Turning a New Menu Page on Culinary Job Training

One resident of Peter and Paul Community Services in St. Louis first tested her cooking chops when she took over breakfast and lunch cooking duties to serve others in her shelter.
This chosen interest in food would soon lead her to the Culinary Job Training program led by the Campus Kitchen at St. Louis Unviersity where she’d study restaurant guidelines, tour Whole Foods Market, lead her own cooking shift, and leave with her very own chef’s jacket – prepped to conquer the food service industry when she chose to leave Peter and Paul.
Her story is not unlike dozens of culinary job training graduates that have passed through the doors of the Campus Kitchen at St. Louis University in the nine years since the Campus Kitchen has offered the program, which is modeled after parent organization DC Central Kitchen’s Culinary Job Training curriculum. This year, a new emphasis on passing the Restaurant Association’s ServSafe exam and giving job training students more practical experience could provide participants an even better edge on gaining employment after graduation.
Coordinaor Jenny Bird said the program used to follow an eight-week path, but she’s shaved those weeks down to six, reduced the class size, and restructured the curriculum to give students even more of a chance to succeed.
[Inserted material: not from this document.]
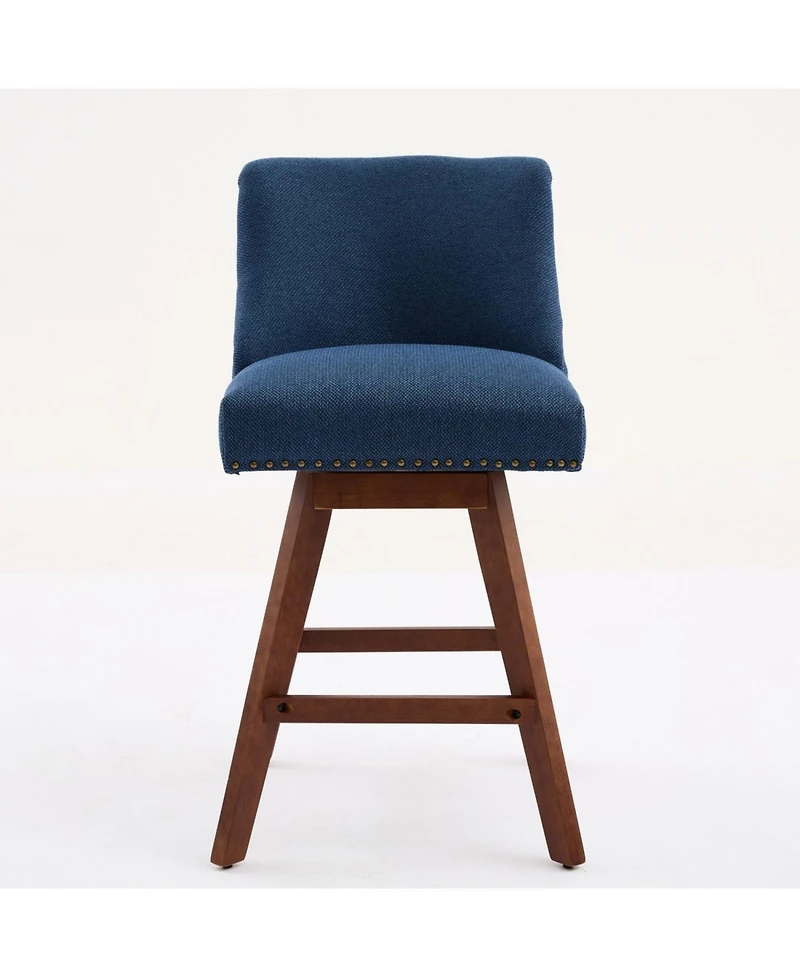 Streamdale Furniture Counter Height Swivel Barstools, 26" H Seat Height Upholstered Bar Stools Set of 2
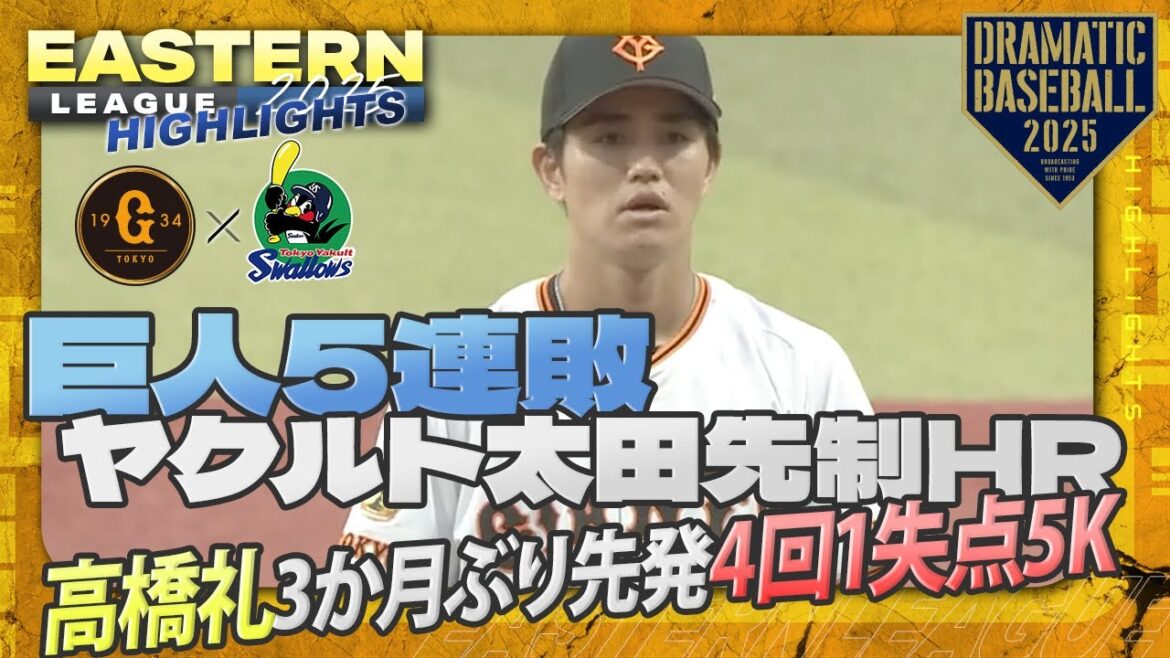 【ハイライト・7/1】巨人5連敗 "高橋礼"3か月ぶり先発4回1失点5K・ヤクルト太田先制弾【巨人×ヤクルト】【イースタン】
She kicked off the class with exam training for ServSafe, which is the National Restaurant Association’s certification for food safety, before ever turning on a burner.
“After ServSafe was done, all the nerves about it were done,” said Bird. “That was a big part of it – they had four days of class and one day to take the test.”
Bird took the class of four through ServSafe curriculum using pneumonic devices and flash cards and saw three of four pass the test.
“The ServSafe is a real thing in the industry,” said Bird. “Even if you are in fast food and you have your ServSafe [certificate], you can start as a manager.”
With the test behind them, Bird took students – who were selected from several community partners with employment specialists looking to place clients – through a range of culinary lessons and guest speakers. She taught: baking, sauces, knife skills, plating and garnishing, herbs and seasoning, and soups, stews and stocks. She brought in Andrew Veety, a local food enthusiast and blogger, to teach a meat and poultry lesson. Bird even planned a field trip to the local Whole Foods so students could learn about HACCP (Hazard Analysis and Critical Control Points) and see first-hand how a prep chef completes his shift.
The final section of the course gave students a chance to become chef of their own kitchen and take over Campus Kitchen meal shift planning and execution. Students spent two weeks leading shifts with Campus Kitchen interns under them to teach the organization, planning, and patience required when working in the kitchen.
When the culinary students successfully completed all three parts of the revised training program, each received a certificate and chef’s jacket to mark there achievement at a graduation ceremony, August, 25.